■ What needs to be done: Beneath this instruction is a block of data; output from it exactly the lines that run from the one containing "2 slaapkamer Appartement Te koop" through the one containing "Mercedes-Benz C-Klasse 300", inclusive.

##### Information

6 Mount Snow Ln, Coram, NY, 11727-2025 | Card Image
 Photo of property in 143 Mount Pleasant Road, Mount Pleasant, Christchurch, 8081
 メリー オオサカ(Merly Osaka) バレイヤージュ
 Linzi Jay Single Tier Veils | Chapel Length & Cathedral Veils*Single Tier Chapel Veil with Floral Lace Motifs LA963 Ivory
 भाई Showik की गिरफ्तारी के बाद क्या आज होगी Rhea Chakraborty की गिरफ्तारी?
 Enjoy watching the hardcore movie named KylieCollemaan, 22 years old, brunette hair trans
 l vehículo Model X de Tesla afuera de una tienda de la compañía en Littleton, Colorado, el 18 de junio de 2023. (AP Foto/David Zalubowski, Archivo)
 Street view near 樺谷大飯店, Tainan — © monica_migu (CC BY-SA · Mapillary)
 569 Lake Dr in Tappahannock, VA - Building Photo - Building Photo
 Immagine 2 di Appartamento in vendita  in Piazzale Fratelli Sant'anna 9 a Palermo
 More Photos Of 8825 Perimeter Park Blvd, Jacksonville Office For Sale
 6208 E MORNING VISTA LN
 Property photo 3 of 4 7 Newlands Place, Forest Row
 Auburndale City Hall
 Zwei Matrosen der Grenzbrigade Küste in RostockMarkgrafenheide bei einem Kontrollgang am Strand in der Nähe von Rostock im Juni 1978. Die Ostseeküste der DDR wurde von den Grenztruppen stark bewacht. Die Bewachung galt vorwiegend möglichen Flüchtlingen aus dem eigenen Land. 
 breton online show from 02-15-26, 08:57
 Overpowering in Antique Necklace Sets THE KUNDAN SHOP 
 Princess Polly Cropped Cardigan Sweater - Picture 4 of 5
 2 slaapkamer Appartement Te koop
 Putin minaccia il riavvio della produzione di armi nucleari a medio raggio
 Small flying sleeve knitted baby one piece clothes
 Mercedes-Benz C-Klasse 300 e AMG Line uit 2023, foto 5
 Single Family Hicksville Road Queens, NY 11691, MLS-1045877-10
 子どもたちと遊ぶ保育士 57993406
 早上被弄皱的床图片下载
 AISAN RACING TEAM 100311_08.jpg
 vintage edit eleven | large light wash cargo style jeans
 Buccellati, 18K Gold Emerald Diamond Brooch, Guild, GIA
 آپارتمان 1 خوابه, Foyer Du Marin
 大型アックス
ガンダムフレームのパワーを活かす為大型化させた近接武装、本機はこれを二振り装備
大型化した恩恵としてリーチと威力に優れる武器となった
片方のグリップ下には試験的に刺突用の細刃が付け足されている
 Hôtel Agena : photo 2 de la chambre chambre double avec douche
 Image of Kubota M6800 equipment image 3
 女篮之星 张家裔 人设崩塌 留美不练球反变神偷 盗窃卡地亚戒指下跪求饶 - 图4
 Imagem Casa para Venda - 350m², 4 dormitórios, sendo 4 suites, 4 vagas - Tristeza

##########

■ Result:
 2 slaapkamer Appartement Te koop
 Putin minaccia il riavvio della produzione di armi nucleari a medio raggio
 Small flying sleeve knitted baby one piece clothes
 Mercedes-Benz C-Klasse 300 e AMG Line uit 2023, foto 5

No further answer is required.